Records for the task —
- Opening Delimiter -
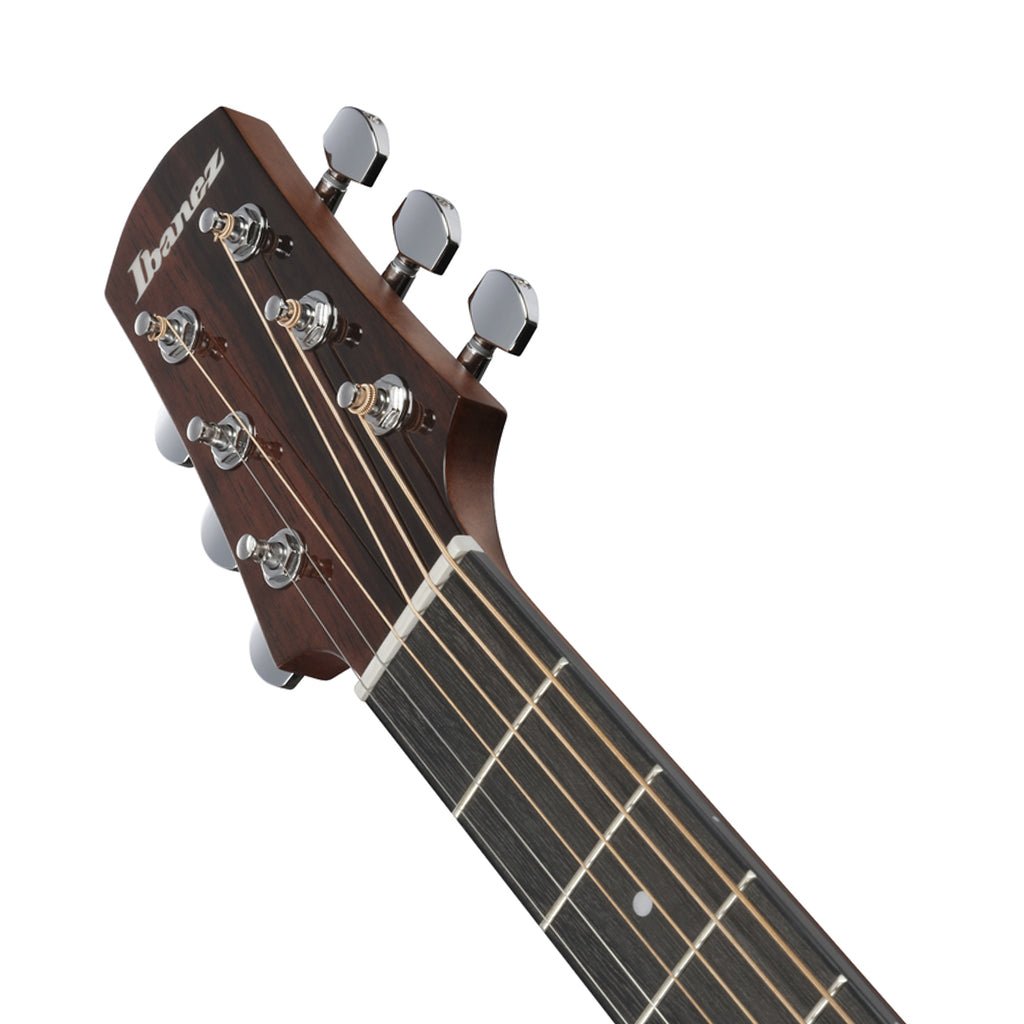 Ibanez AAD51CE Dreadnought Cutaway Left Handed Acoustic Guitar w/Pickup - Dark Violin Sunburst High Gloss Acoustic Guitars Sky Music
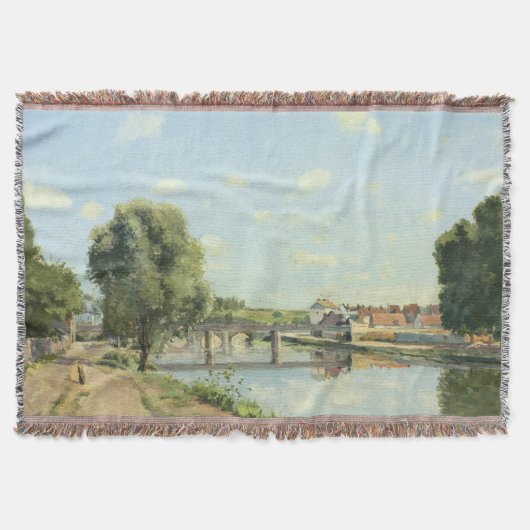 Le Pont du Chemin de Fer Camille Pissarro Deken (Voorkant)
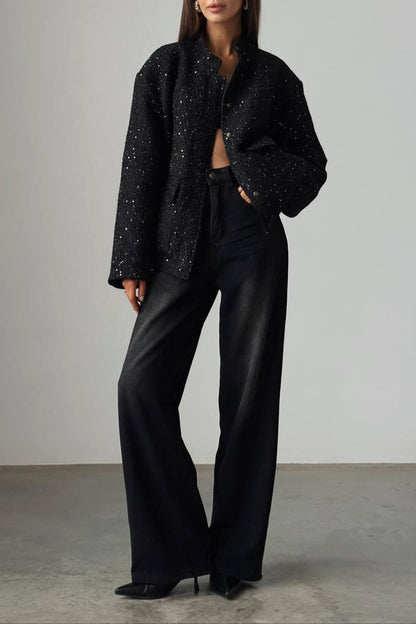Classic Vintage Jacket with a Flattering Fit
- Closing Delimiter -
- Opening Delimiter -
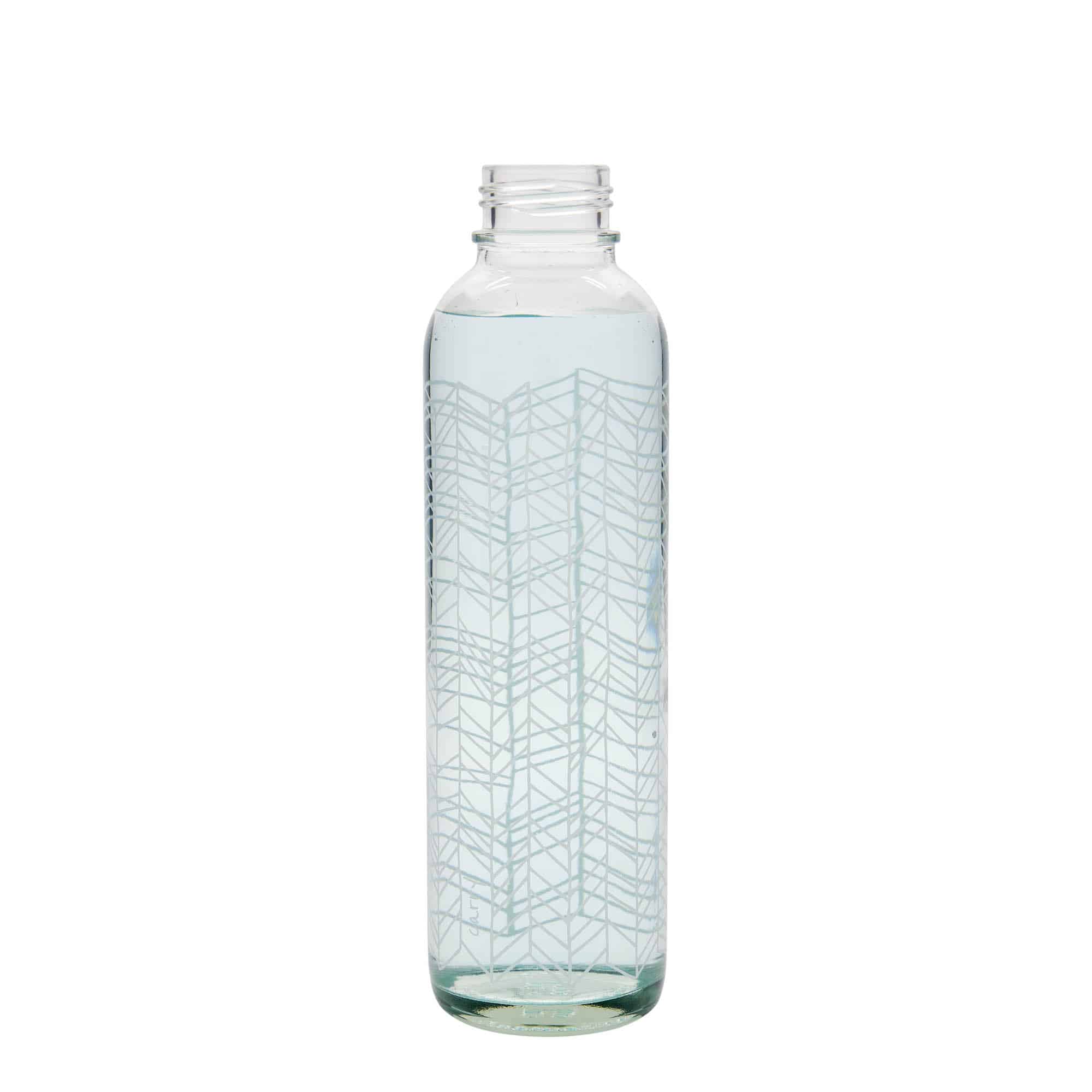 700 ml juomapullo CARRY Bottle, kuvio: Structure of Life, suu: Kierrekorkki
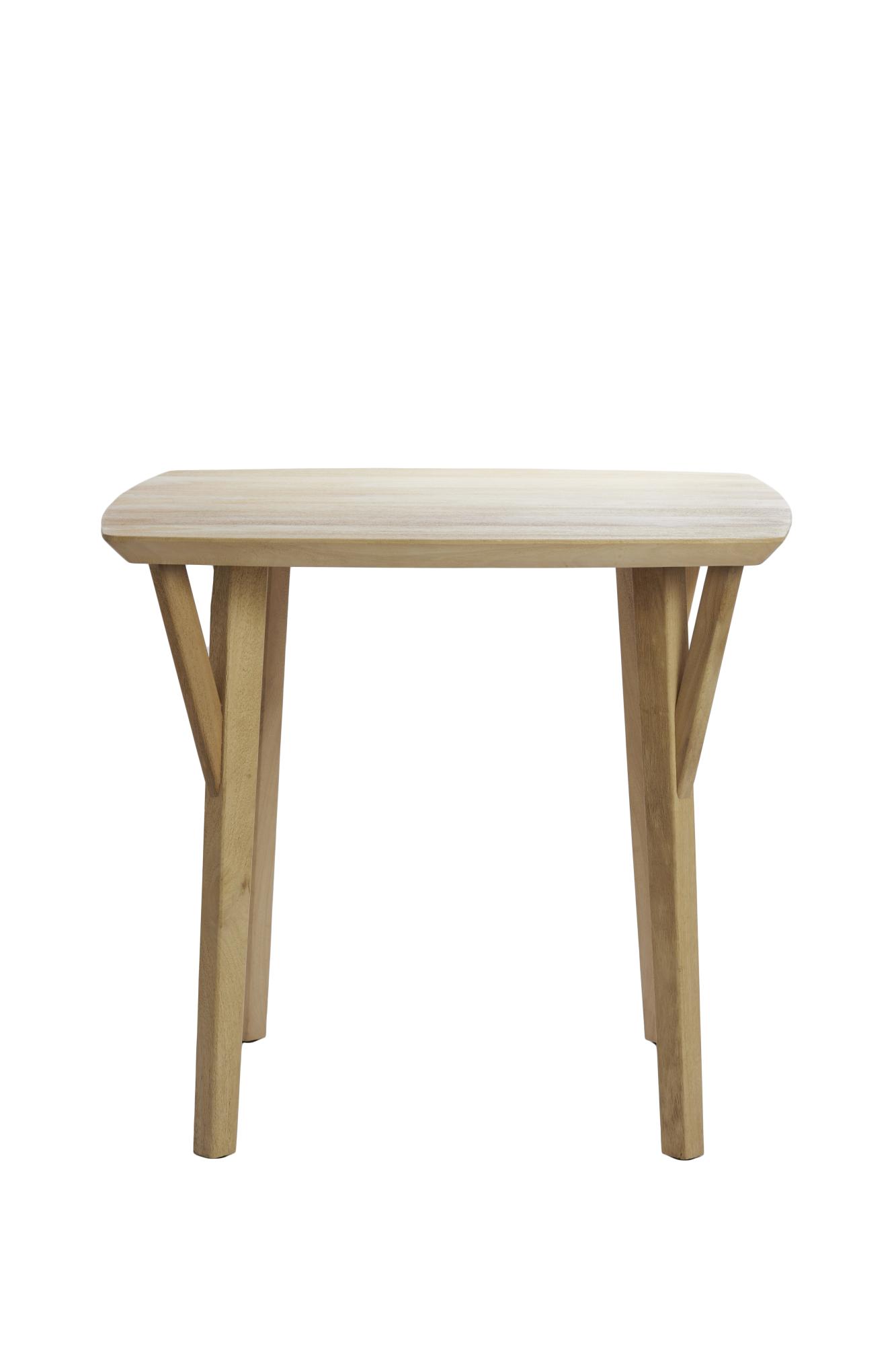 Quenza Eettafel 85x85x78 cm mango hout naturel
- Closing Delimiter -
Every line above in the stretch from the one with "700 ml juomapullo" through the one with "Quenza Eettafel 85x85x78" is to be transcribed exactly, ends included. No picture is copied.

Written solution —
 700 ml juomapullo CARRY Bottle, kuvio: Structure of Life, suu: Kierrekorkki
 Quenza Eettafel 85x85x78 cm mango hout naturel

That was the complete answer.